Kondisi pemberantasan korupsi di Indonesia semakin mengkhawatirkan. Hal ini dapat dibuktikan dengan temuan Transparency International Indonesia melalui Indeks Persepsi Korupsi tahun 2023. Di mana, skor Indonesia sama seperti tahun sebelumnya, yakni, 34 dan peringkatnya merosot dari 110 ke 115. Bila dibandingkan dengan perolehan skor sembilan tahun lalu atau saat awal Presiden Joko Widodo dilantik, maka IPK Indonesia praktis stagnan atau berjalan di tempat. Ini pertanda buruk yang mengharuskan adanya evaluasi menyeluruh terhadap kebijakan pemberantasan korupsi, tak terkecuali menyangkut reformasi lembaga penegak hukum.

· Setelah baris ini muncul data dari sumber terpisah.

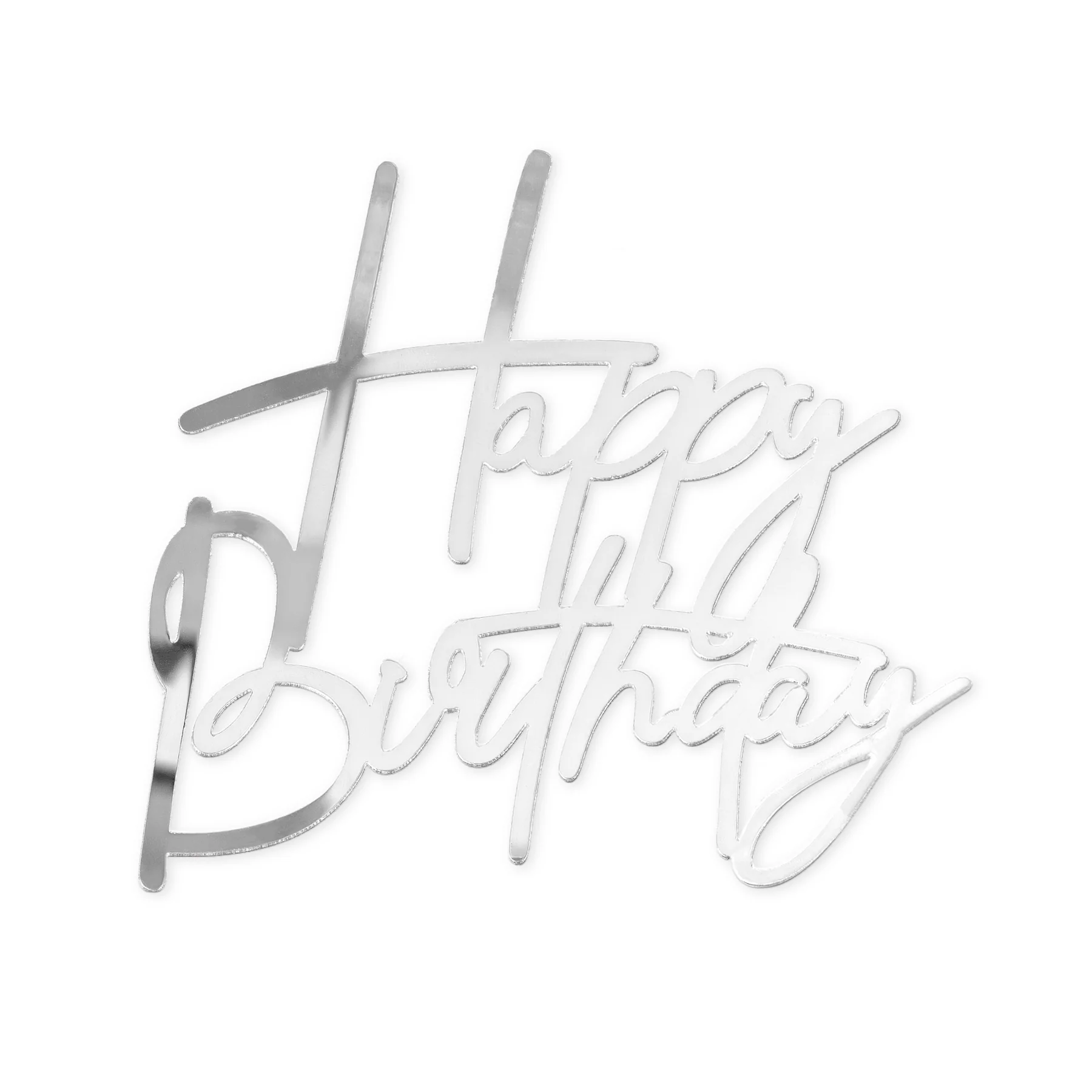 Happy Birthday Fronttopper in Silber-Spiegeloptik - 12cm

Tak jauh berbeda dengan kondisi umum pemberantasan korupsi di Indonesia, keberadaan Komisi Pemberantasan Korupsi (KPK) perlahan juga mulai dipertanyakan efektivitasnya. Bagaimana tidak, rentetan kontroversi silih berganti selama kurun waktu empat tahun terakhir. Mulai dari rendahnya kuantitas serta kualitas penindakan, skandal pelanggaran etik, hingga memburuknya tata kelola kelembagaan. Akibatnya seperti saat ini, hampir semua jajak pendapat yang dilakukan lembaga survei menempatkan lembaga antirasuah itu pada titik terendah dalam tingkat kepercayaan masyarakat.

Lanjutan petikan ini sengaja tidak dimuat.